The federal funds rate once again will not budge following the final meeting of the year for the Federal Open Market Committee (FOMC). The committee also indicated cuts could be forthcoming in 2024 and 2025 as it continues to strive toward the eventual target rate of 2 percent.

FOMC members voted unanimously to keep the benchmark borrowing rate steady between 5¼-5½ percent, noting an easing of inflation as a positive sign contributing to their decision.

“Recent indicators suggest that growth in economic activity has slowed substantially from the outsized pace seen in the third quarter,” Fed Chair Jerome Powell said in a news conference. “Even so, GDP (gross domestic product) is on track to expand around 2.5 percent for the year as a whole.”

Powell also noted it is “very good news” that the decrease in inflation has come without a significant increase in unemployment and that officials “do not view it as likely to be appropriate to raise interest rates further, neither do they want to take the possibility off the table.”

Forward-looking predictions offered by the FOMC members, spanning from 2023 to 2026 and beyond, encompassed crucial economic indicators such as real GDP growth, the unemployment rate and inflation levels, the Federal Reserve noted in a summary on its website. Each of the forecasts relied on contemporary data available during the meeting, interwoven with their nuanced evaluations of the appropriate monetary policy.

The core of these assessments revolved around crafting a trajectory for the federal funds rate, its enduring value and presumptions regarding other contributing factors influencing economic outcomes.

“The longer-run projections represent each participant’s assessment of the value to which each variable would be expected to converge, over time, under appropriate monetary policy and in the absence of further shocks to the economy,” the summary states.

The concept of “appropriate monetary policy” encapsulates each participant’s view on the future course of policies most likely to drive economic activity and inflation in alignment with their interpretation of the mandate to optimize employment and price stability.

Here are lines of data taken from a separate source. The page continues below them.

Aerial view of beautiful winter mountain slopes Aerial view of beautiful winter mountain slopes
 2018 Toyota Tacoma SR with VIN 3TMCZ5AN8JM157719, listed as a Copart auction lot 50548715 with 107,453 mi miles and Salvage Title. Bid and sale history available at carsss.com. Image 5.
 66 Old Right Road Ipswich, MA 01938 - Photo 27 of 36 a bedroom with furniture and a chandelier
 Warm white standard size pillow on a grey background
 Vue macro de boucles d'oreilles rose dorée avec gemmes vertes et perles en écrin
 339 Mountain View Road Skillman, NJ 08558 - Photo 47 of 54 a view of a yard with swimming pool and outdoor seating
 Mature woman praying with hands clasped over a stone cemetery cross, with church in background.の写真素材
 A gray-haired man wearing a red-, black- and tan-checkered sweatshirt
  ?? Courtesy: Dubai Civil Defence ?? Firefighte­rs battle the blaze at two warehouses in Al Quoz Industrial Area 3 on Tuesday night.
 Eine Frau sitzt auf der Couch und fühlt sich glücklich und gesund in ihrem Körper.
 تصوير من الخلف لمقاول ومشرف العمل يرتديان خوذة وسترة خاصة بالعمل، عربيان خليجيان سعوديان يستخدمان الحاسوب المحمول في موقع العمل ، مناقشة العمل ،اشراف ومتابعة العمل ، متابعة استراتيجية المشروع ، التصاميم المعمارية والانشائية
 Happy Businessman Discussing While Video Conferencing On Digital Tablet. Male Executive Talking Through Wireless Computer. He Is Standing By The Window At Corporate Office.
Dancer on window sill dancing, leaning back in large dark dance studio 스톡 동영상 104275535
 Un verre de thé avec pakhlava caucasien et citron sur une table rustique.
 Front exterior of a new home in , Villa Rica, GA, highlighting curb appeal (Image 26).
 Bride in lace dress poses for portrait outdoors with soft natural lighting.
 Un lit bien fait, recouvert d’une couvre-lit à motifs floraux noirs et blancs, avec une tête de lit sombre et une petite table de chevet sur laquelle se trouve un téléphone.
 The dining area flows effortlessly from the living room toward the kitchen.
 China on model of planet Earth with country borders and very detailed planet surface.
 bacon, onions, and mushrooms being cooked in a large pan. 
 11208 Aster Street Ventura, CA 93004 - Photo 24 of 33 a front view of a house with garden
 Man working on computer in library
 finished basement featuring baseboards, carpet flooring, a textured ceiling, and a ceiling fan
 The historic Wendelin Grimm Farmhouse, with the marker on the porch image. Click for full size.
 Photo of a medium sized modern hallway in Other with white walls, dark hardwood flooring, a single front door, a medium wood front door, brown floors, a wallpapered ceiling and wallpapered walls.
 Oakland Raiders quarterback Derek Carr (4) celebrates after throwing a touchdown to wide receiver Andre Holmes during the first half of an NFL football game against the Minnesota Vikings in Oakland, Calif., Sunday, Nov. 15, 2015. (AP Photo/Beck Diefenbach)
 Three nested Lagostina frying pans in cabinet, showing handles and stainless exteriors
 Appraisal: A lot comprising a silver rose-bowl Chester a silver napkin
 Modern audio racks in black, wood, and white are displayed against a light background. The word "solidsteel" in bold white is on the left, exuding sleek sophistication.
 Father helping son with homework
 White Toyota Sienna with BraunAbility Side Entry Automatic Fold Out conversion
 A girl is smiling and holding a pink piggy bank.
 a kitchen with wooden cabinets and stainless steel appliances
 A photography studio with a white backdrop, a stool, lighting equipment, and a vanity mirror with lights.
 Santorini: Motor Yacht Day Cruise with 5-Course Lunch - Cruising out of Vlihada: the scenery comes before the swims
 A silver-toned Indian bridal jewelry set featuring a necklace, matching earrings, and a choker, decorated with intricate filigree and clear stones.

“The committee would be prepared to adjust the stance of monetary policy as appropriate if risks emerge that could impede the attainment of the committee’s goals,” the FOMC said in a press release. “The committee’s assessments will take into account a wide range of information, including readings on labor market conditions, inflation pressures and inflation expectations, and financial and international developments.”

Experts cite the FOMC’s “dot plot” of individual members’ projections as indicating three rate cuts are likely in 2024 and four more anticipated in 2025. CNBC noted that three additional rate reductions in 2026 would take the rate down close to the committee’s long-run outlook of between 2-2¼ percent, but also pointed out “considerable dispersion in the estimates for the final two years.”

In addition to maintaining the current federal funds rate, the FOMC directed the Fed’s trading desk to:

·            “Conduct standing overnight repurchase agreement operations with a minimum bid rate of 5.5 percent and with an aggregate operation limit of $500 billion.

·            “Conduct standing overnight reverse repurchase agreement operations at an offering rate of 5.3 percent and with a per-counterparty limit of $160 billion per day.

·            “Roll over at auction the amount of principal payments from the Federal Reserve’s holdings of Treasury securities maturing in each calendar month that exceeds a cap of $60 billion per month. Redeem Treasury coupon securities up to this monthly cap and Treasury bills to the extent that coupon principal payments are less than the monthly cap.

·            “Reinvest into agency mortgage-backed securities (MBS) the amount of principal payments from the Federal Reserve’s holdings of agency debt and agency MBS received in each calendar month that exceeds a cap of $35 billion per month.

·            “Allow modest deviations from stated amounts for reinvestments, if needed for operational reasons.

·            “Engage in dollar roll and coupon swap transactions as necessary to facilitate settlement of the Federal Reserve's agency MBS transactions.”